Einem Widerruf der Strafaussetzung zur Bewährung steht auch nicht entgegen, dass der Beschwerdeführer zuletzt zu einer Geldstrafe verurteilt worden ist. Ein Widerruf ist verfassungsrechtlich auch unbedenklich, wenn wegen der neuen Straftat Strafaussetzung gewährt, also eine positive Sozialprognose angenommen wurde (vgl. BVerfG, NStZ 1985, 357). Denn bei der Verhängung einer Geldstrafe wird eine Sozialprognose nicht gestellt. Deshalb stellt es auch keinen Widerspruch dar, wenn der neue Tatrichter -auch unter Berücksichtigung des § 47 Abs. 1 StGB- keine Freiheitsstrafe verhängt, das mit dem Widerruf befasste Gericht hingegen die neue Tat aus den Gesamtumständen als so schwerwiegend erachtet, dass es die gewährte Strafaussetzung widerruft.

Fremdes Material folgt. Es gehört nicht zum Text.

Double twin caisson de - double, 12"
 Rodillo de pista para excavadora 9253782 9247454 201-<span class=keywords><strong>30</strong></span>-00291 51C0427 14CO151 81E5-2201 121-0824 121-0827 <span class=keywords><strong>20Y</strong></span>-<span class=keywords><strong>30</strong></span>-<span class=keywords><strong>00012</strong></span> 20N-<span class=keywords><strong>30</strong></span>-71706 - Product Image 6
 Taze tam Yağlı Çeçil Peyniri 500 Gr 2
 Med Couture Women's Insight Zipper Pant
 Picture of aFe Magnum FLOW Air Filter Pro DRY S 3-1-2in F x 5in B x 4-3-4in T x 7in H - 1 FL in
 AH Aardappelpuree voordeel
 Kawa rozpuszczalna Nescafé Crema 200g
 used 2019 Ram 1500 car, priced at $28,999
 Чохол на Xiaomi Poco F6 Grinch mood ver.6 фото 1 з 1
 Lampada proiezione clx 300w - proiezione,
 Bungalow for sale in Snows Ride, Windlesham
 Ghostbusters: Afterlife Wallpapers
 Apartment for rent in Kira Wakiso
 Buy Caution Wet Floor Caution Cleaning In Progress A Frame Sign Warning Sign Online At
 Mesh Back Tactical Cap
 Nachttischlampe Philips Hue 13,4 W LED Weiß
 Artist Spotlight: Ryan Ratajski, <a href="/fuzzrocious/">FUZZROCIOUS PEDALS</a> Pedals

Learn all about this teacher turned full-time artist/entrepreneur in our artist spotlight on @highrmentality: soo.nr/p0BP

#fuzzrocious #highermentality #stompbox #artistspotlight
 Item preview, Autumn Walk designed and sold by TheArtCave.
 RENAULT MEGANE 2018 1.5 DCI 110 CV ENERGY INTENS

Aufgrund des mehrmaligen Bewährungsversagens trotz eindeutiger und nachhaltiger Ermahnung kann auch nicht nach § 56 Abs. 2 Nr. 1, 2 StGB von einem Widerruf abgesehen werden. Die in § 56 Abs. 2 StGB gegebenen Möglichkeiten erscheinen nicht ausreichend, zumal die Bewährungszeit bereits im Oktober 1999 um ein Jahr verlängert worden, ohne dass dies den Angeklagten von der Begehung der neuen Tat abgehalten hätte.

Danach war die sofortige Beschwerde mit der sich aus § 473 Abs. 1 StPO ergebenden Kostenfolge zu verwerfen.